"HAI orang-orang yang beriman, janganlah kamu mengambil orang-orang Yahudi dan Nasrani menjadi pemimpin-pemimpin(mu).." (QS 5:51)
Ayat ini lagi rame dipakai penceramah di mushola dan masjid di masa Pilkada kali ini, yang entah mengapa menafikan fakta bahwa Joko Widodo alias Jokowi dan Fauzi Bowo (Foke), sang calon "pemimpin" itu adalah seorang muslim. Hanya Basuki Tjahaja Purnama alias Ahok, calon wakil Jokowi yang nonmuslim, sebuah jabatan yang sebenarnya sudah awam dipegang umat non-Islam di negara mayoritas muslim (Deputi alias Wakil PM Irak, Tariq Azis, misalnya adalah seorang Kristen, para tokoh Yahudi jadi menteri di era kejayaan Kordoba).
Untuk mengecek materi khotbah penceramah itu, umat Islam cukup mengacu kembali kepada Al-Quran, cek ke bahasa aslinya. Di ayat tersebut, kata yang diterjemahkan 'pemimpin-pemimpin' itu tak lain adalah 'awliyaa' yang berakar kata 'walaa', yang juga dipakai dalam kata 'wali.'
Lihatlah bagaimana kata yang sama, 'awliya,' diterjemahkan sebagai 'wali' di surah ini: "Janganlah orang-orang mukmin mengambil orang-orang kafir menjadi wali." (QS 3:28). Karena itu, perlu ada konsistensi pemahaman untuk memahami pesan kedua surah yang konteksnya sama persis itu. yang dilarang itu mengangkat mereka jadi pemimpin (ketua RT, kades, lurah, presiden), atau menjadi wali?
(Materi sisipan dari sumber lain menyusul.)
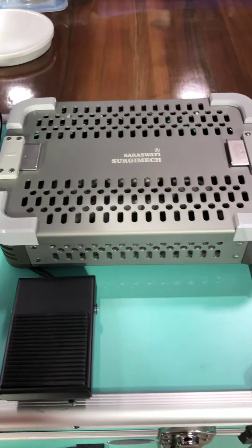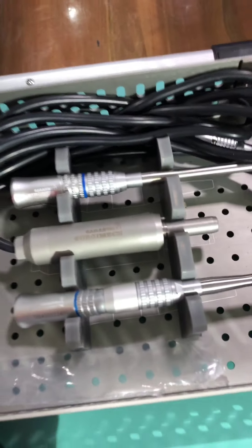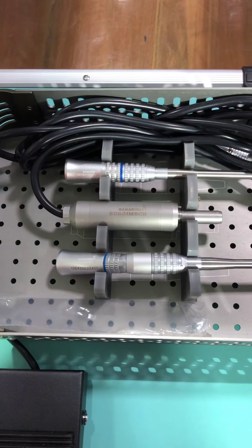This is our third box. There are 2 adapters and 1 laptop.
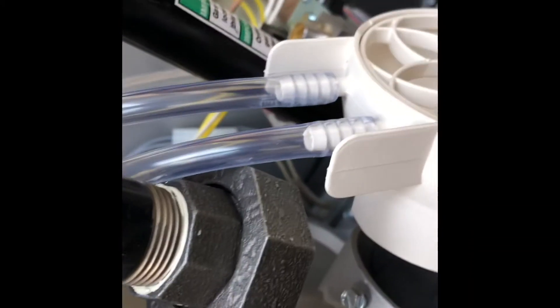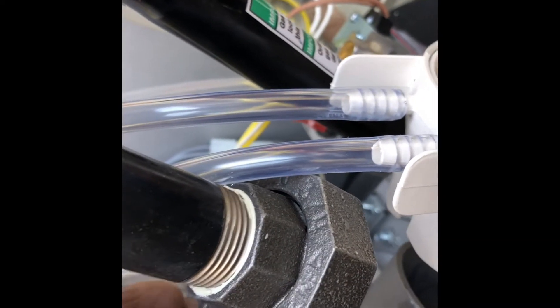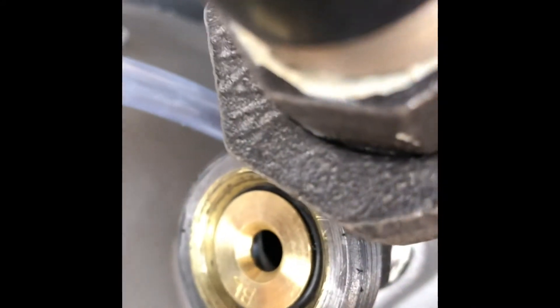Pop in the new one. It doesn't matter if it goes up or down — I just put it up so you can see the letters on it, so if anybody checks it they'll know what it is. Then reinstall.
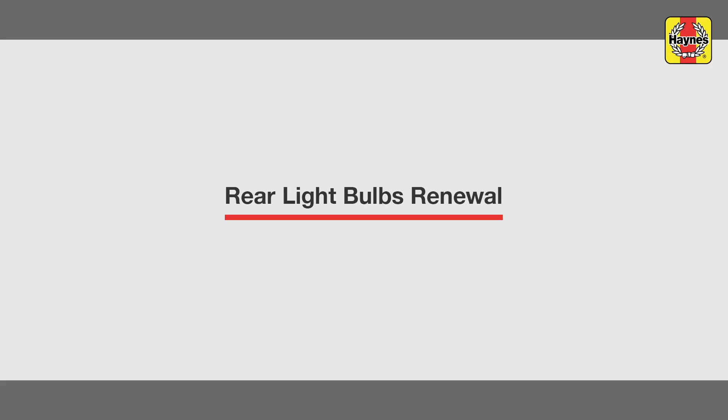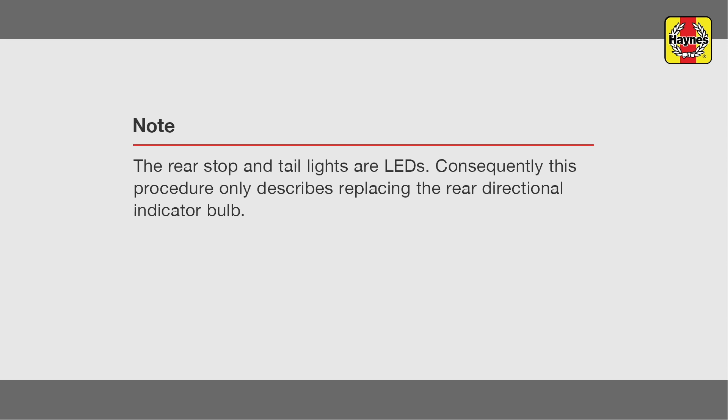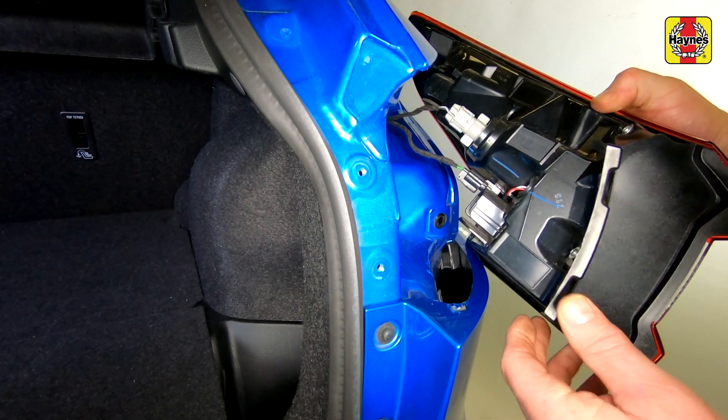Rear light bulb renewal. Open the tailgate, undo the retaining bolts and pull the light unit from place.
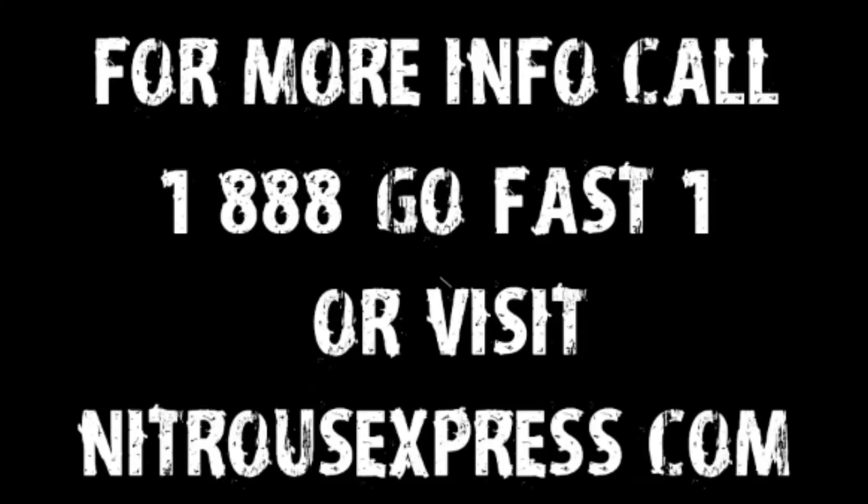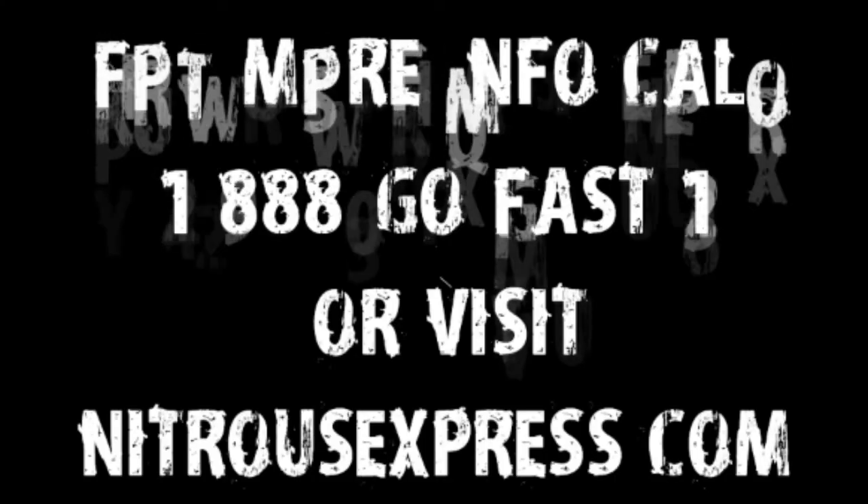If you have any more questions about this or any of our other products, please feel free to visit us at NitrousExpress.com or call one of us at 888-GO-FAST-1.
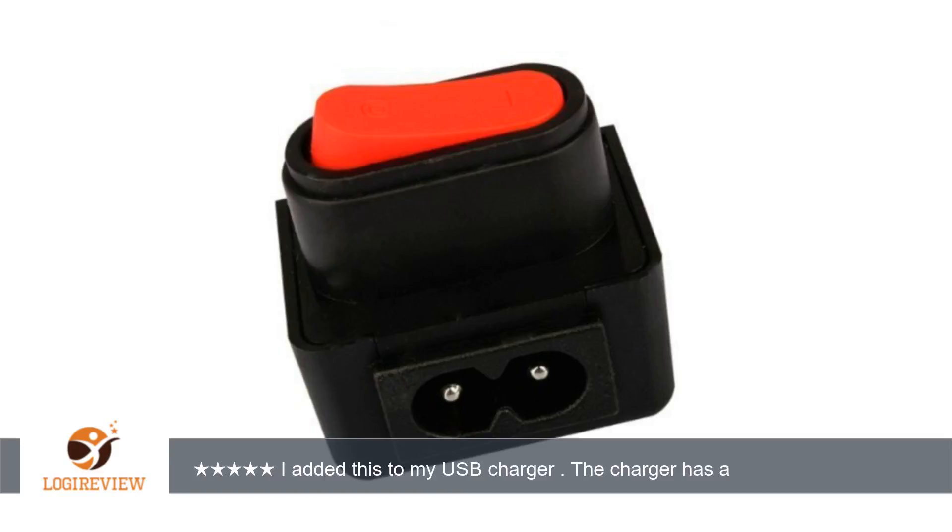This will fit figure of 8 power cords. The switch seems to function as intended.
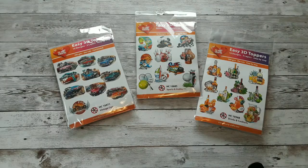Hello, Katrin here with European Papercrafts in the US. Today I have a short video for you with products and cards perfect for Father's Day. So let's get started.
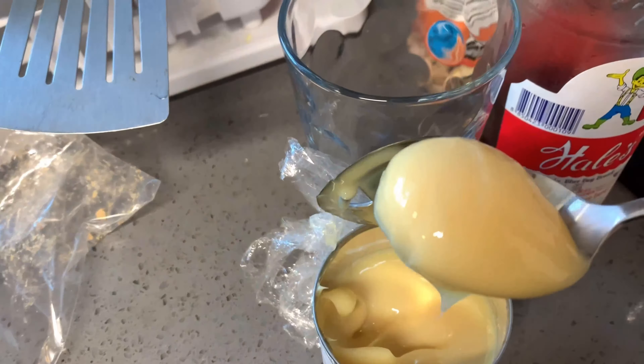Actually, when we make it at home it's not this big — it's much smaller than this. This is what I have, and we're going to freeze this for a few hours, or you can leave it overnight, which is what I'm doing. Yeah, that's it — my dessert is ready. It's a Thai dessert.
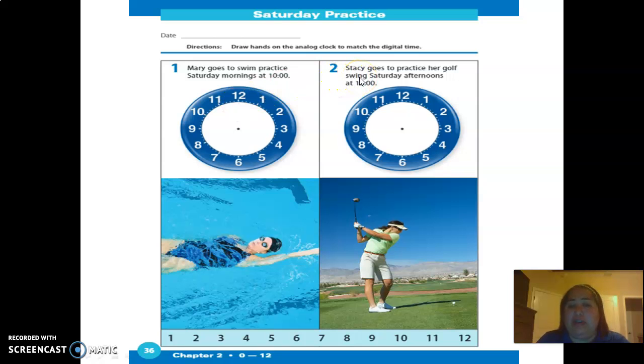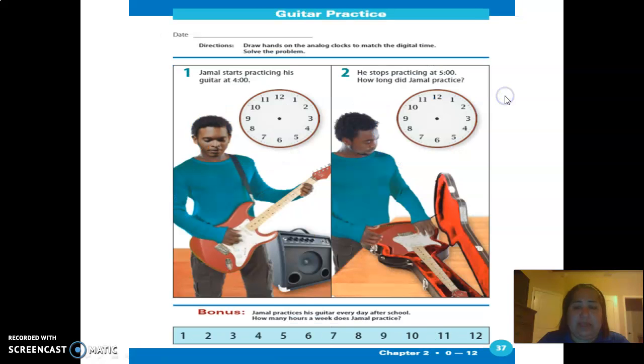Stacy goes to practice her golf swing Saturday afternoons at 12, so go ahead and put 12 noon right here. Then the second page, which is page 37 — the same thing, we're going to put the arms on the analog clock.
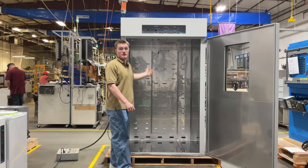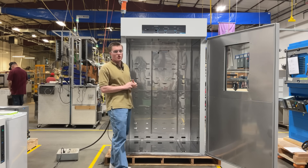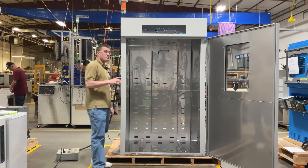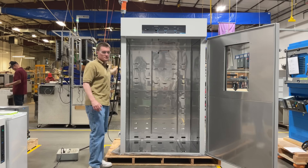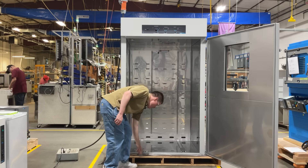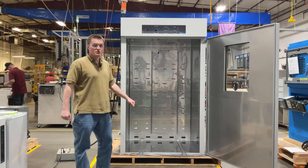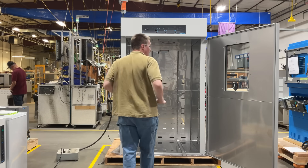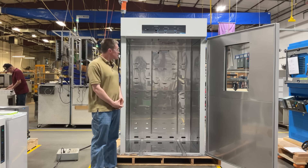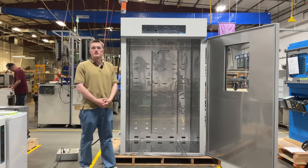On the top of the unit, you have an accessory power outlet. This allows you to power any auxiliary devices you want to have inside the chamber while it is running. On the left side, you have a one and three-quarters inch access port located here. Additionally, on the bottom is our door track feature, which allows you to roll carts full of samples in and out of the chamber. The chamber has been constructed out of corrosion-resistant materials to help increase the longevity of your unit.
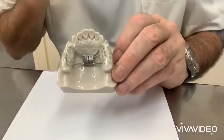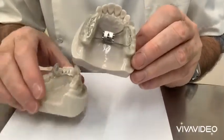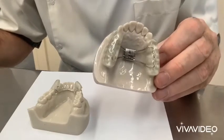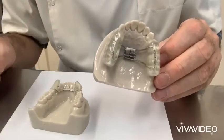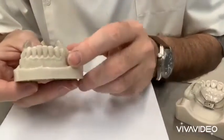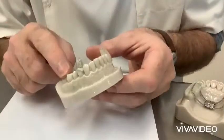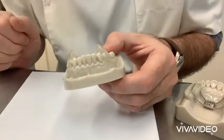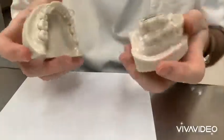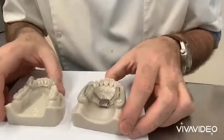So that's the fixed twin block. It's a really good alternative to a removable one. It's fixed in the mouth — the patient cannot remove it. And it's correcting the class two at the same time as you can be getting anterior alignment as well. Obviously on the lower, you could still put some brackets on the lower anteriors, put some molar bands on the sixes, and put your arch wire into those tubes on the molar bands. So that's the fixed twin block. I'm Graham Manley from OrthoLab.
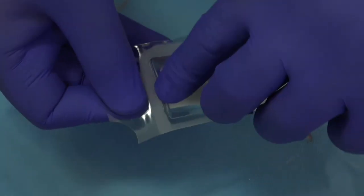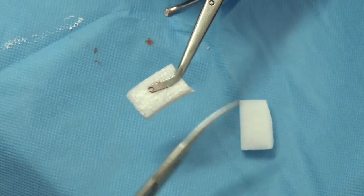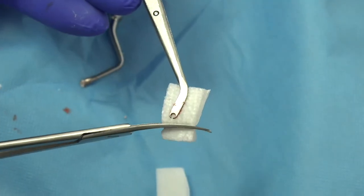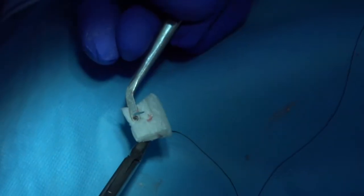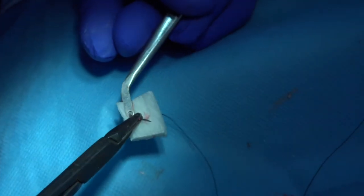Here is the collagen sponge — a simple one which is not expensive. The only thing you need to do is trim it a little bit. You shouldn't adapt it. The only thing you need to do now is suture it and secure it in place.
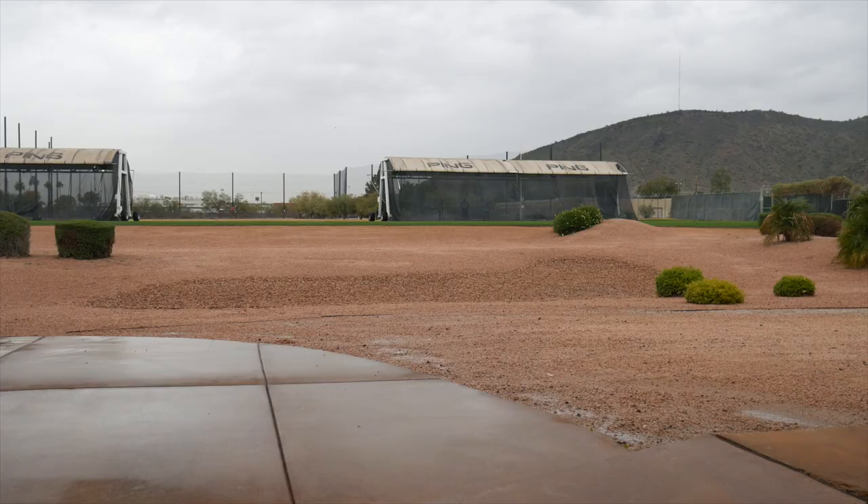Hi, Chris Wallace from Second Swing. We're with Ping today in Phoenix, Arizona at Ping headquarters talking with Marty Jertsen about brand new G410 products.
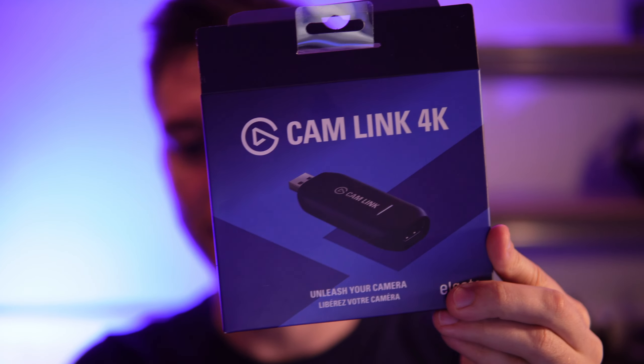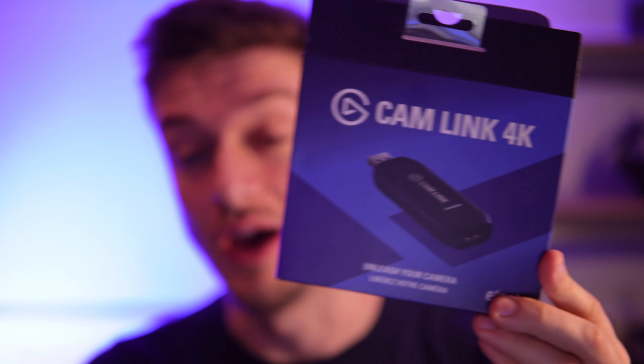Hello everyone, in this video I'll be doing a review of the Elgato Cam Link 4K. This is a way to use your DSLR or mirrorless camera on your computer. I'm using it right now with my Sony ZV-E10.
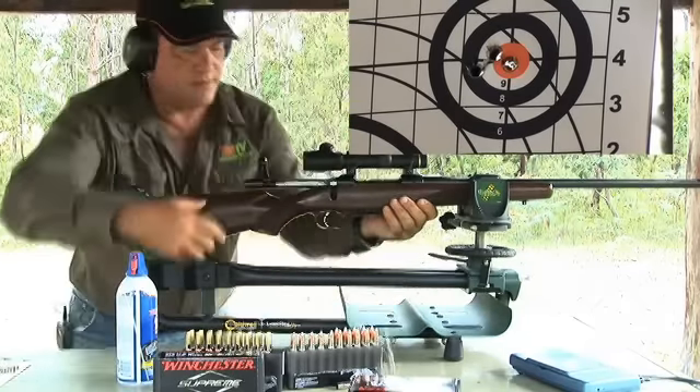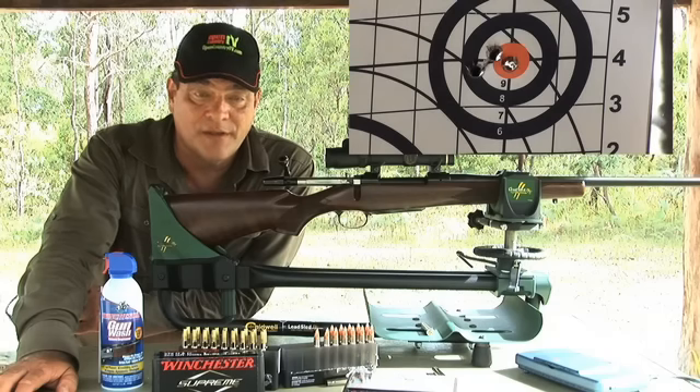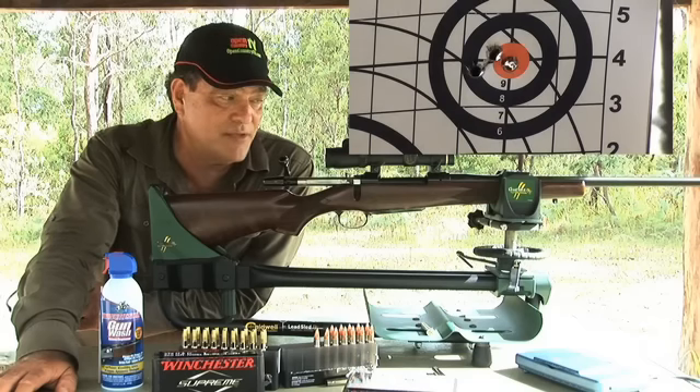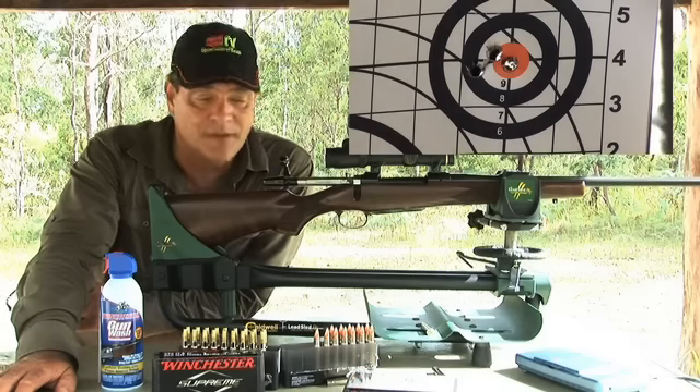At 100 yards, I'm pretty happy with that. I've not spared the juice on this barrel — it's been getting hot. We're trying to run it in, and we did that process earlier in the day, but now that we're firing shot after shot, I've shot it quite warm. I think that is a very, very acceptable group at 100 yards using a 1.5 to 5 power scope. I think it performs very, very well, certainly across the bench.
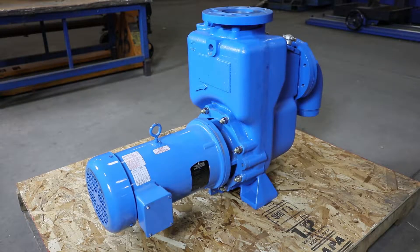In this video, we will demonstrate how to change the impeller and lip plate of a Metropolitan Industries MetroPrime 3545 MPC self-priming pump.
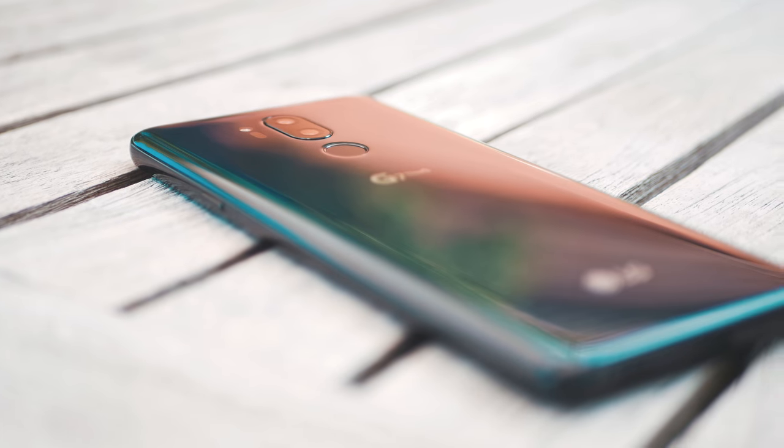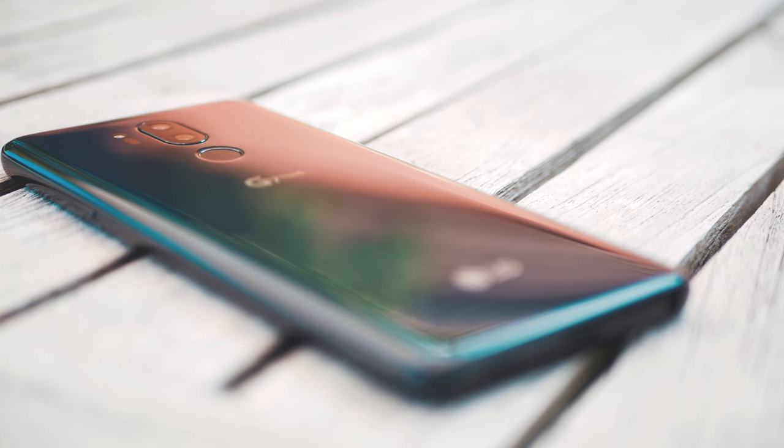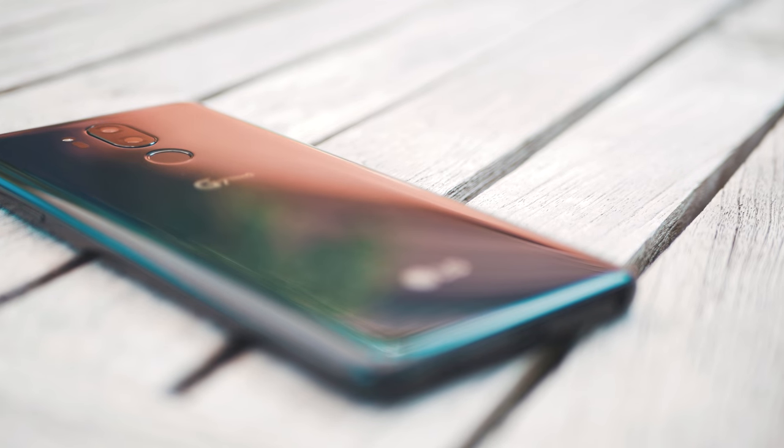The G7 comes with a glass back, which in my case is the black variant, and as one of the few smartphones in 2018 it supports wireless charging, which I really, really like.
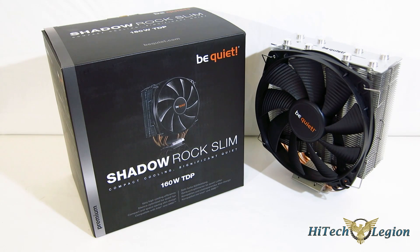This is George from iTechLegion. We spend a lot of time looking at really big coolers — coolers that are strictly aimed at the enthusiast overclocker market. But that's not always what's going to be needed for cooling your system.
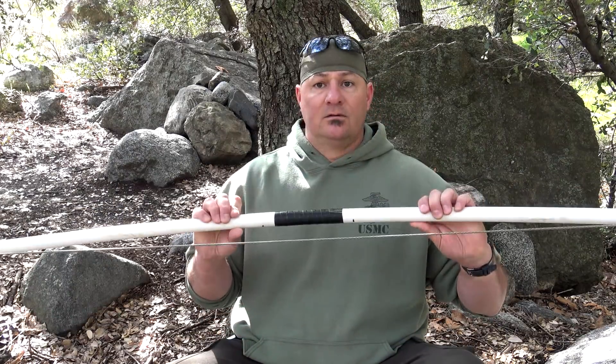In my opinion, in survival, if you absolutely have to — can you grab a piece of PVC, saw into the end, string it, and use it? Yes. But in practice, if you have the opportunity to do it right, do it right.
Kata 'wali' dalam bahasa Arab memang memiliki beberapa pengertian: pemimpin, teman dekat, pelindung. Repotnya, di bahasa Indonesia, kata wali mengalami perluasan makna hingga dipakai dalam konteks: wali kelas, wali murid, wali amanat, sehingga maknanya seolah-olah meluas menjadi 'ketua atau pemimpin secara umum, di segala bidang, segala lini.
Untuk tur singkat mengenai makna kata ini, silakan buka http://en.wikipedia.org/wiki/Wali 'Dari berbagai penjelasan di situ, kita bisa melihat bahwa makna 'wali' bukanlah pemimpin urusan duniawi, melainkan pemimpin dalam hal keselamatan harta, jiwa, dan agama kita sebagai satu umat. Ada wilayah keagamaan di situ, sehingga tak heran kata 'wali' umumnya diterjemahkan sebagai 'saint' dalam bahasa Inggris.
Contoh kasus, kita bisa melihat walisongo. Apa mungkin, misalnya formasi salah satu wali diduduki pedanda Hindu? kan ga mungkin. Jadi, konteks kedua ayat di atas tepat jika dimaknai bahwa konsep wali mengacu pada petanda religi, bahwa umat nonIslam emang ga boleh diangkat jadi pemimpin spiritual umat Islam, karena memang sang wali ini memiliki peran vital dalam wilayah keagamaan ini.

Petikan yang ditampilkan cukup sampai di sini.